Vasco x Bahia: A noite do bacalhau Azedo, por Gabriel Queiroz

O Esporte Clube Bahia perdeu para o Vasco por 3 x 2 no jogo realizado na noite de segunda-feira (28), pela 31ª rodada do Campeonato Brasileiro e disputado no São Januário. Esta é a terceira derrota seguida do clube que se prepara para o próximo jogo contra o São Paulo.

Foto: Letícia Martins / E.C Bahia

Confira a crônica de Gabriel Queiroz

Em uma noite que prometia ser de pura emoção, o Bahia se preparou para uma bacalhoada contra o Vasco. Mas, ao invés do saboroso prato típico, o que se viu foi um croissant francês, delicado e ousado, que tomou conta do jogo. O tal do Payet, com seu jeito elegante, contribuiu para a abertura do placar e, em um piscar de olhos, o jogo já estava com três gols nas costas do Bahia. E pensar que o jogo nem havia completado meia hora! Só Jesus na causa!

O primeiro tempo foi um verdadeiro desastre, como um almoço de domingo em que o bacalhau estava azedo e o vinho, aguado, a torcida até se perguntava se os jogadores tinham trocado o uniforme por pijamas, tamanho era o sono que transmitiam em campo. Mas, como todo bom time, o Bahia não se entrega fácil! No segundo momento, com a entrada de Lucho e Ademir, o jogo ganhou novos ares. Era como se alguém tivesse colocado um pouco de tempero na receita: Ademir corria, lançava e, bingo! Gol de Lucho! Pelo menos agora a torcida conseguia levantar do sofá. Será que vai dar?
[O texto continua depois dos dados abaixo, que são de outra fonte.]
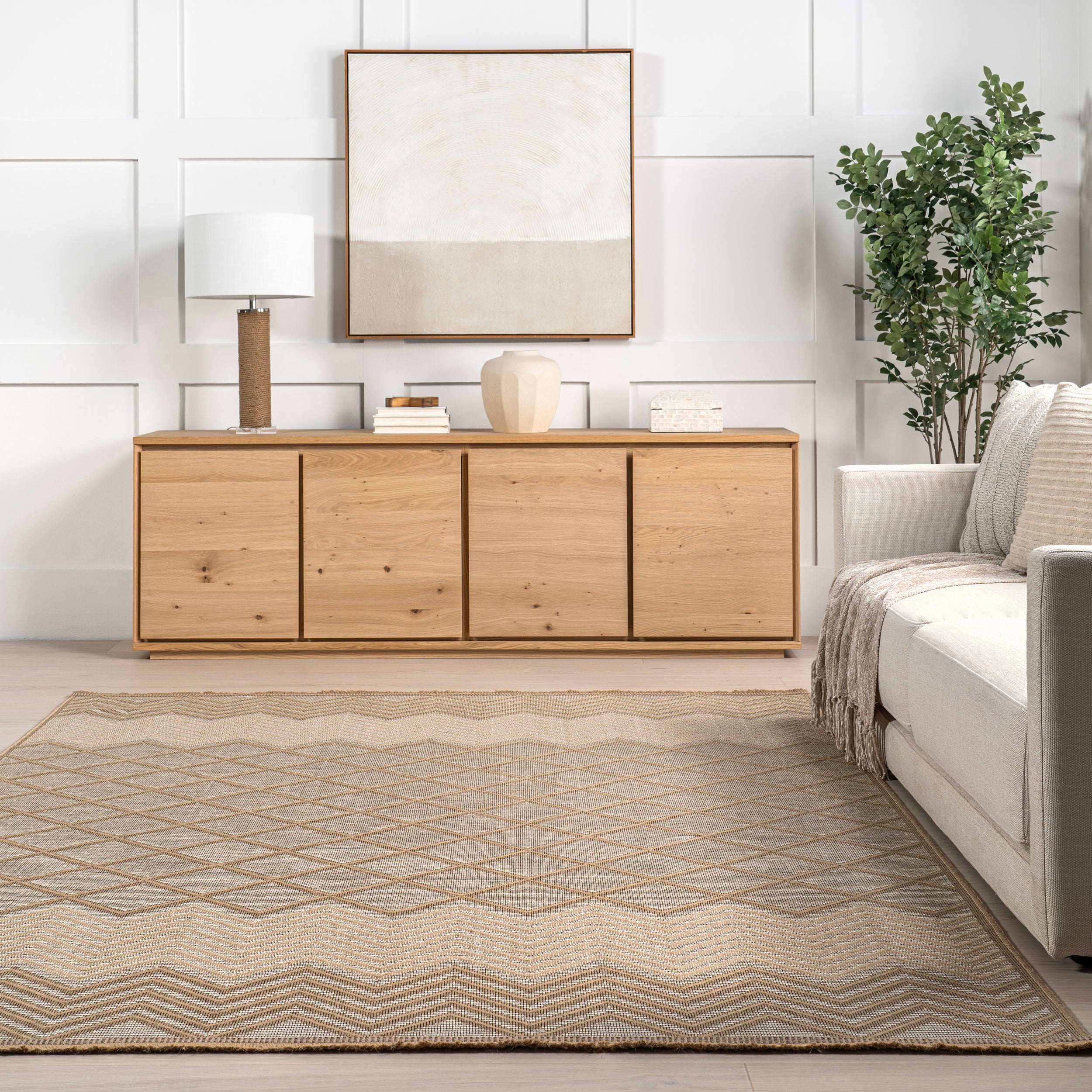 Eleanora Geometric Transitional Jute Area Rug - Image 8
Mas o verdadeiro protagonista do segundo tempo foi Acevedo, nosso volante de ouro. Como é bom vê-lo em campo, como um maestro que toca uma sinfonia em meio ao caos! Se Jean Lucas era a nota desafinada da orquestra, Acevedo era o solista que fazia a torcida sonhar. A alegria durou pouco, já que Kanu continuava a achar que era volante, quando na verdade era zagueiro. O pobre rapaz parecia perdido em uma sala de aula de matemática, tentando resolver uma equação que não existia.
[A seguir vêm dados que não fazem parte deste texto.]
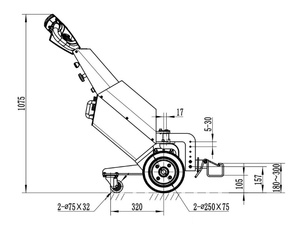 Ce Сертифицированный ODM OEM 1 тонна 2 тонны 3 Тонны Электрический тягач с хорошей ценой - Product Image 5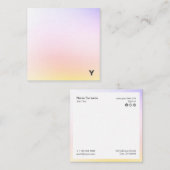 抽象的な最小主義の勾配の正方形の名刺 スクエア名刺 (正面/裏面)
O Vasco, coitado, apenas assistia à cena, suplicando para que o juiz apitasse o final do jogo. Afinal, quem aguenta um time que, mesmo jogando mal, ainda tem tempo para dar uma contribuição ao placar? Ah, Cauly! Você, que insiste em ser a sombra de si mesmo, como um fantasma que não assusta ninguém. E Jean Lucas, ah, Jean Lucas! No próximo ano, é melhor ficar em casa assistindo aos jogos pela televisão.
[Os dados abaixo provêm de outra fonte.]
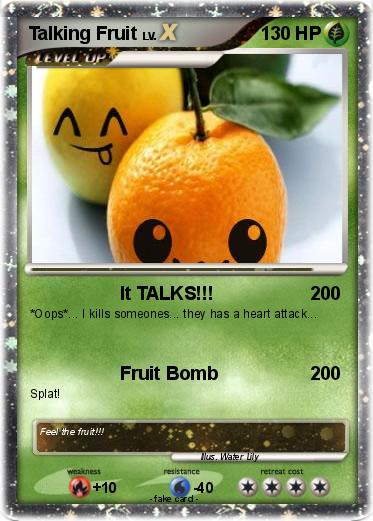 Pokemon Talking Fruit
No fim das contas, a vitória não veio, mas o Bahia ainda fez mais um e nos deixou com um gostinho de esperança, como aquele resto de bacalhau que ainda pode ser aproveitado no dia seguinte. É preciso reformular, repaginar, renovar! Para 2025, que venham bons laterais, zagueiros firmes e, claro, um técnico que, ao invés de se defender, queira conquistar o mundo, respeitando o slogan: O Bahia é o mundo.

A torcida merece mais, e que fique claro: a próxima chance pode não vir. O tempo de promessas acabou; é hora de resultados, e rápido!